▼
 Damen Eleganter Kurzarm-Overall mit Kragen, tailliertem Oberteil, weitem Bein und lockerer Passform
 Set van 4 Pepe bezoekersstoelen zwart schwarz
▲
▼
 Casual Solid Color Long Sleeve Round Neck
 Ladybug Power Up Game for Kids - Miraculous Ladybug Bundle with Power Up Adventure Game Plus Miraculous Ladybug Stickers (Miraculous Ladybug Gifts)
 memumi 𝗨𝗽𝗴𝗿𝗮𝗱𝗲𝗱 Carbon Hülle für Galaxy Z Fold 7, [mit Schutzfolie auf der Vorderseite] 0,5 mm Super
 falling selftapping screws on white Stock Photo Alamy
▲
### Work item
Reproduce only the lines above spanning from the line containing "Damen Eleganter Kurzarm-Overall" through the line containing "Set van 4 Pepe", word for word.

### Solution for this task
 Damen Eleganter Kurzarm-Overall mit Kragen, tailliertem Oberteil, weitem Bein und lockerer Passform
 Set van 4 Pepe bezoekersstoelen zwart schwarz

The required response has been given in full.